Engage in conversations
Constance Ssenungi, an early childhood development specialist at Little Ones Nursery Nabbingo, explains the need to build a conversational relationship with your child. “Engaging your child in mutual conversation where you listen to them and talk to them even about your fears and struggles. It is however important to minimise it to what a child can take. This builds their confidence and you can thereafter always trust that they will talk to you about their day-to-day engagements.”
This is especially important when the child reaches their teen years. If they have developed the habit of talking to you over the years, then it will be much easier to talk to you as teenagers. It is especially important to know who your teenage child is hanging out with given these uncertain times.
“It is important for your child to have friends who share the same viewpoints since “we become who we hang out with,” says Ssenungi.
What parents ought to do
Different homes have different values. Watching out for your children’s behaviour and getting to know who their friends are will do you good. “Take an extra step to know the kind of family they are from and who the parents are,” Ssenungi advises.
Give them audience and befriend them. This way you will be able to know their character traits but one day is not enough for you to critically analyse them. “Seek permission from their parents and invite them over, you can do this once during the holidays,” she adds.
Talk but politely
Even when you find something wrong with their behaviour do not be rude to them. If they have become friends with you after a number of interactions, sit them with your child and talk to them.
Talk to your child about your findings. Share with them your piece of mind concerning the kind of friends they are associating with. However bring it out in a way that is not offensive when their parents get to hear it.
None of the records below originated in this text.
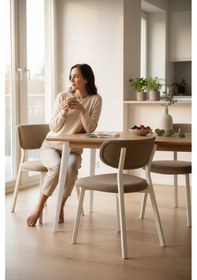 Resim Canisa Toldy Serisi 4 Adet Cappucino Bukle Kumaş Mutfak Sandalyesi Beyaz Metal Ayak Cappucino Sandalye Ayaklar Beyaz 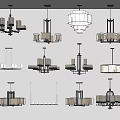 Stylish Modern Pendant Lighting Combination With Diverse Designs And Metal Fabric Elements 3d model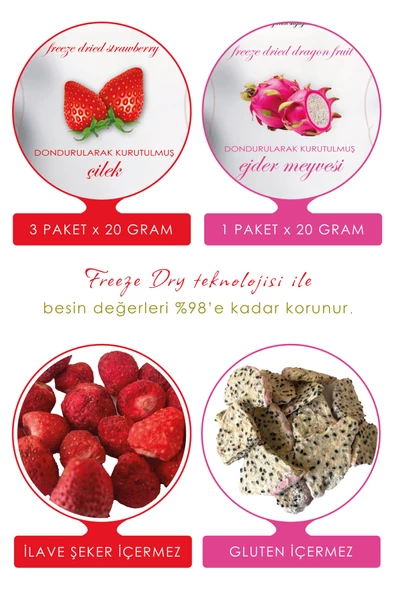 Dondurularak Kurutulmuş Çilek ve Beyaz Ejder Meyvesi - Freeze Dried Çilek (3 x 20 g) + Beyaz Ejder Meyvesi (1 x 20 g) - 2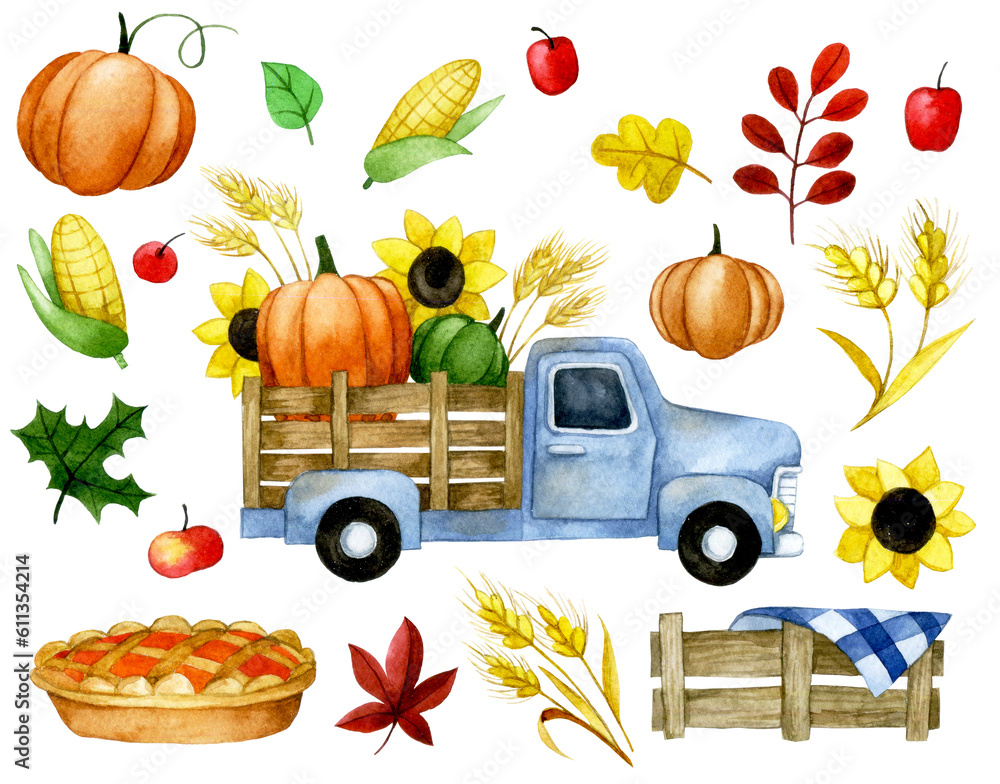 watercolor drawing. set of thanksgiving elements, cute drawings on the theme of autumn. pumpkins, ha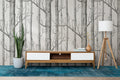 Birch Forest Wallpaper : Sketched Grey Trees Mural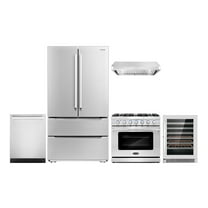 Cosmo 5 Piece Kitchen Appliance Package with 36" Freestanding Gas Range 36" Under Cabinet 24" Built-in Fully Integrated Dishwasher French Door Refrigerator & 48 Bottle Wine Refrigerator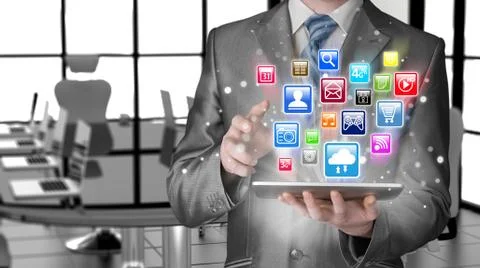 Business man using tablet PC 스톡 일러스트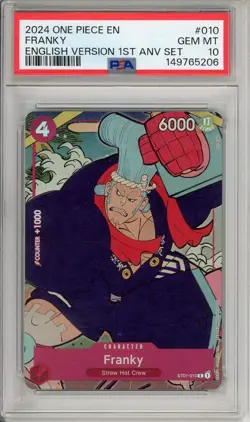 One Piece Graded: Franky ST01-010 1st Anniversary Set PSA 10 - Image 1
• Starting from the preschool years, you can be present and available when your children are playing with others. You can provide instruction about sharing and resolving conflicts without hitting or demeaning friends. These early play times allow you to see how your child interacts with other children and highlights your child’s internal social strengths and challenges.
• Welcome your child’s friends to your home. Be sure that they can follow the rules of your home. If speaking with respect and asking permission to have a snack is a core value in your family, be sure that your child’s friends can accept and accommodate these rules. If a friend is difficult for you to manage, this will give you good information about what your child is coping with and whether you need to be involved in supporting or redirecting this friendship choice.
• Encourage your teen to talk about anything with their peers. In conversations with peers, teens can have a back-and-forth discussion that feels more mutual than with adults who may have “already made up their mind” and inadvertently do not allow the teen to explore a range of ideas. Peers can be protective of your teen.